3 days ago Oliver Hillmann wrote:
On Mon, 26 Jul 1999, Stefan Merten wrote:
Hier läßt sich m.E. ein prima Bogen zu Gnu/Linux schlagen: Dies ist
m.E. eine Form, wie ein gesellschaftliches Bedürfnis ohne staatliche
Struktur und ohne privatwirtschaftliches Vorantreiben sich aufs Beste
verwirklicht. Ähnlichkeiten sind mir da in gewisser Weise zu NGOs wie
Greenpeace oder amnesty international aufgefallen, die auch ein
gesellschaftliches Interesse auf globaler Basis vertreten, ohne daß es
hier um Profitmaximierung geht. (Ich weiß die Strukturen bei
Greenpeace und so - aber ich denke das ist ein Randphänomen.)

Wobei mir nicht ganz klar ist, ob freie Software als solche ein
gesellschaftliches Interesse darstellt - aus meiner und sicherlich auch
aus Deiner Sicht ist freie, gute Software von gesellschaftlichem nutzen,
aber ich glaube kaum daß dies ein geselschaftlich *anerkanntes* Interesse
darstellt,

Well, immerhin wird Gnu/Linux benutzt - und ich würde sagen, daß
alleine dadurch ein Produkt, das benutzt wird, auch ein
gesellschaftliches Bedürfnis formuliert ist.

noch daß die wesentlich Motivation zur Entwicklung von
frei-quelloffener Software die Befriedigung eines vermuteten
gesellschaftlichen Bedürfnisses ist.

Das habe ich auch nicht gesagt. Aber ein interessanter Gedanke, den
wir auch mal auswalzen könnten...

Das spannende an Gnu/Linux aber ist, daß es so einen umwerfenden
Erfolg hat. Da sehen die Menschen endlich (mal wieder), wozu sie ohne
die ach so nötigen Staaten und Firmen in der Lage sind. Das ist
vielleicht mit das spannendste an der ganzen Entwicklung: Das die
Menschen ihre (revolutionäre) Kraft spüren.

Sehen sie das? Tatsache? Letztlich meine ich zu beobachten, daß Linux und
Konsorten im Moment mehr wirtschaftliches als politisches Potential
auszustrahlen scheinen....

Nun, ich denke, daß die Euphorie, die bei vielen
Gnu/Linux-Enthusiasten zu spüren ist, schon ein wenig aus dem Gefühl
kommt, hier an etwas Großem beteiligt zu sein. (Mir rieseln ja auch
schon mal die heiligen Schauer über den Rücken, wenn ich mit meinem
Emacs Mail schreibe, die über MH und Sendmail versandt wird bzw.
mittels fetchmail geholt wird - das Ganze natürlich auf Linux ;-) .)

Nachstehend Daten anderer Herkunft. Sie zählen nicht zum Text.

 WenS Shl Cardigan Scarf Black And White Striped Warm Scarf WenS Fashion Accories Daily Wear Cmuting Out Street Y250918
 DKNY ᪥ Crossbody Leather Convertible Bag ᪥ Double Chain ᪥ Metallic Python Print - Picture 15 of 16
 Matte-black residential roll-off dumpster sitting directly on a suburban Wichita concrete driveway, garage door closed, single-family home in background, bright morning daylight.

Persönlich sehe ich es zwar auch als eine Art
freiheitlichen Akt in einer Nische, aber auch hier finde ich es nicht
unproblematisch, in dem Phänomen mehr zu sehen, als da vielleicht ist?

Na, ich denke, daß wir vielleicht unseren eigenen Empfindungen mehr
trauen sollten.

Aber vielleicht noch zu der Frage des Verschwindens des Marktes.
Festzuhalten bleibt, daß der "Welt"markt sich heute bereits aus weiten
Teilen der Welt zurückgezogen hat. So ist Afrika schon länger
praktisch komplett vom Weltmarkt abgekoppelt (d.h. kein nennenswerter
Austausch mehr).

Was eher das Ende Afrikas als das Ende des Weltmarkts einläutet... Oder?

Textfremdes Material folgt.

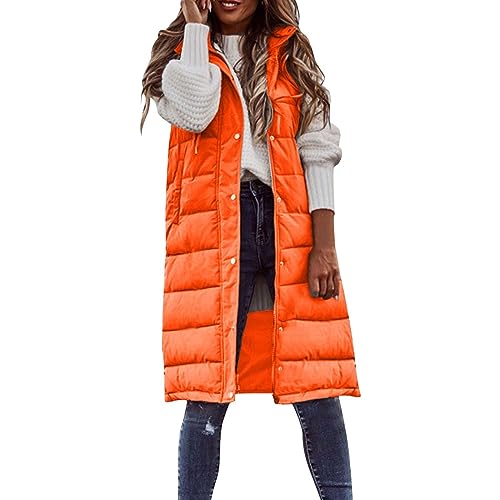 Zyuoel Cozy Orange Long Puffer Vest for Women – Stylish Sleeveless Quilted Jacket with Pockets in 3X-Large Size - Image 2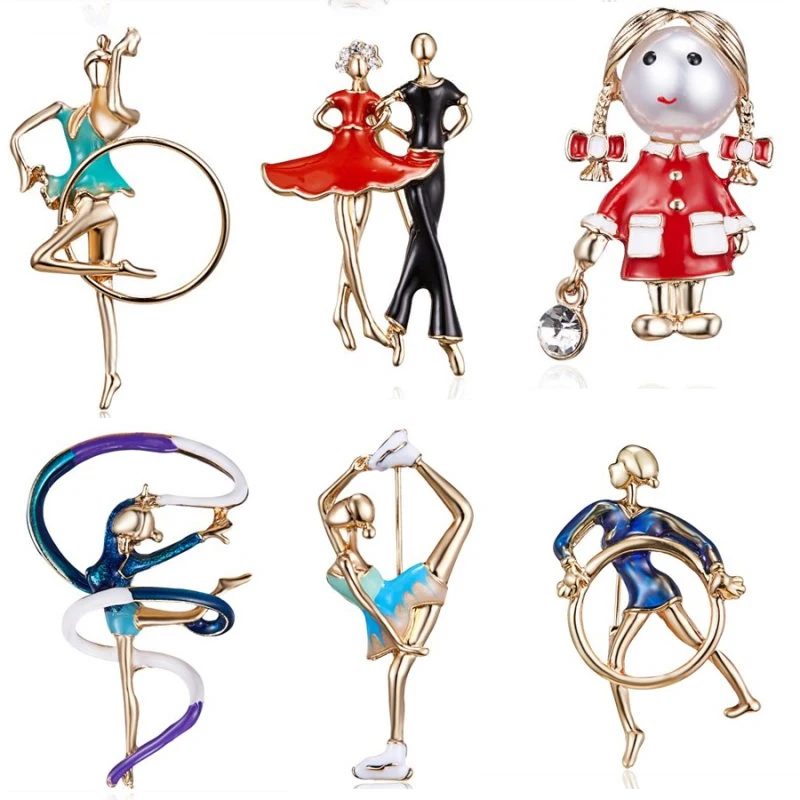 RINHOO Fashion Sports Gymnastics Whirling Girls Ribbon Dance Brooch Pin Gold-color Enamel Brooches Lady Women Clothes Jewelry
RINHOO Fashion Sports Gymnastics Whirling Girls Ribbon Dance Brooch Pin Gold-color Enamel Brooches Lady Women Clothes Jewelry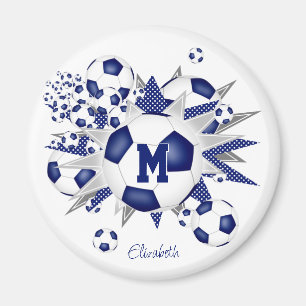 girls personalised soccer balls stars blue magnet
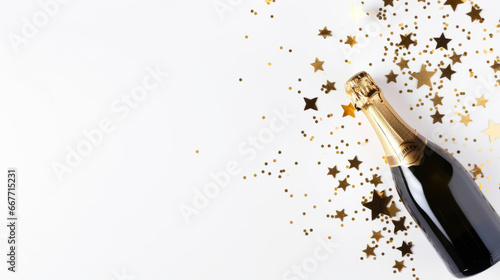 top view of a bottle of champagne on a white background with golden star-shaped confetti, copy space 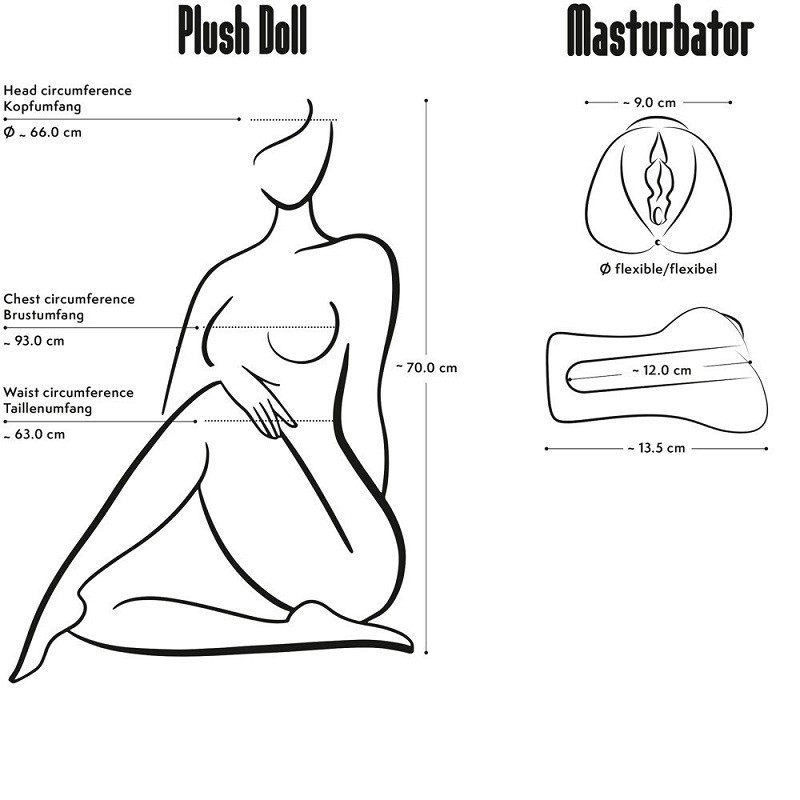 Peluche Muñeca Sentada Leona + Masturbador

Zweifellos läutet es das Ende Afrikas ein - leider :-( .

Aber der universelle Anspruch des Weltmarkts blamiert sich auf diesem
Kontinent eben ganz gründlich und damit auch (endgültig) das
Heilsversprechen des Kapitalismus, daß es allen gut gehen wird.

In diesem Sinne können wir vielleicht wirklich von einem Absterben des
Marktes sprechen. Und mit ihm geht der bürgerliche Staat - siehe die
geradezu ekelhafte nachlaufende (Trittin) bzw. voreilende (Schröder)
Unterwürfigkeit unter aber auch jeden Pfurz des Großkapitals.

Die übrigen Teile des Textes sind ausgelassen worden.